The Local Authority and Coillte will help with the flytipping and will even go to the trouble of looking through bags for evidence of the dumpsters so they can take them to court and prosecute. As for the rest, have you ever seen Local Authority workers out and about litter picking along the rural hedgerows or highways? They simply don’t have the staff or budgets to do so.
A sad fact of our 21st century lives is that not everyone is considerate of other people or the environment around them. They’re not concerned that the lanes are littered in a country that prides itself on being ‘green’ and attracts millions of tourists, helping to keep local economies afloat. The minorities that litter don’t care and they probably never will.
It therefore falls on those who do care, to pick up that tin or bottle, to make sure that we can not only be proud of the areas we live in when people visit us, but also that our wildlife are safe and the pollutants aren’t adding to the other pressures on our environment.
How to organise a community clean-up
If you’d like to organise a litter clean up in your area, here’s how to do it.

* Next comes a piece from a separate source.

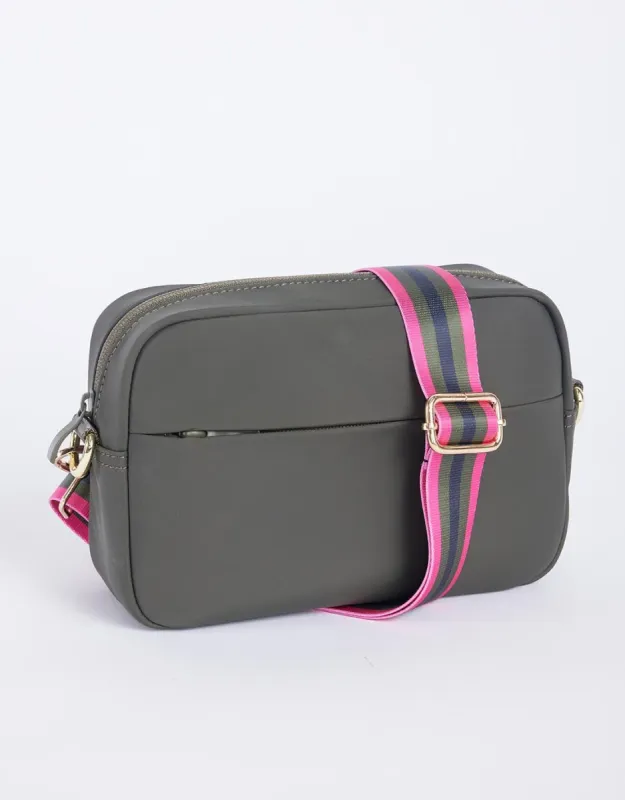 Off-Duty Crossbody Bag - Khaki with Khaki/Hot Pink Stripe sold by White & Co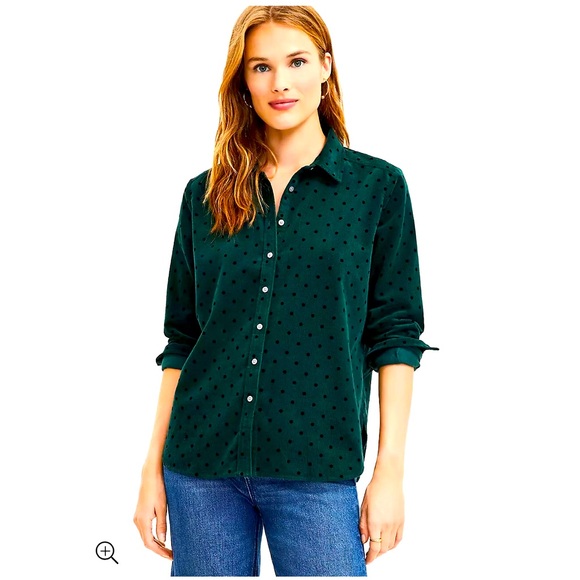 LOFT Tops - Ann Taylor Loft Velvet Dot Corduroy Everyday Shirt Emerald Green Sz S Button Up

- Contact all the neighbours and ask if they’d like to get involved. We set up a secret Facebook group for our area so everyone could keep abreast of what was happening. This might also come in useful for other rural community events we organise later. We sent texts to those who weren’t on social media and next year we’ll create a small flyer and pop it into letter boxes so we don’t miss anyone out again.
- Choose a date. This was the hardest part of the exercise as it’s impossible to please everyone. In the end we chose a Sunday, but later found it coincided with a local wedding weekend. It was too late to re-arrange so despite falling into their beds at 4am, most of the neighbours turned up anyway. Tip: April is National Spring Cleaning month in Ireland. If most of your litter picking is in a rural area, choose a day early in the month as the rubbish is easier to get to. Much later and the hedgerows will have grown too much to get into them easily.
- Register with An Taisce. They have details and tips on their website about how you can get involved in the national initiative in April and if you register with them, your group will fall under their Third Party Public Liability Insurance.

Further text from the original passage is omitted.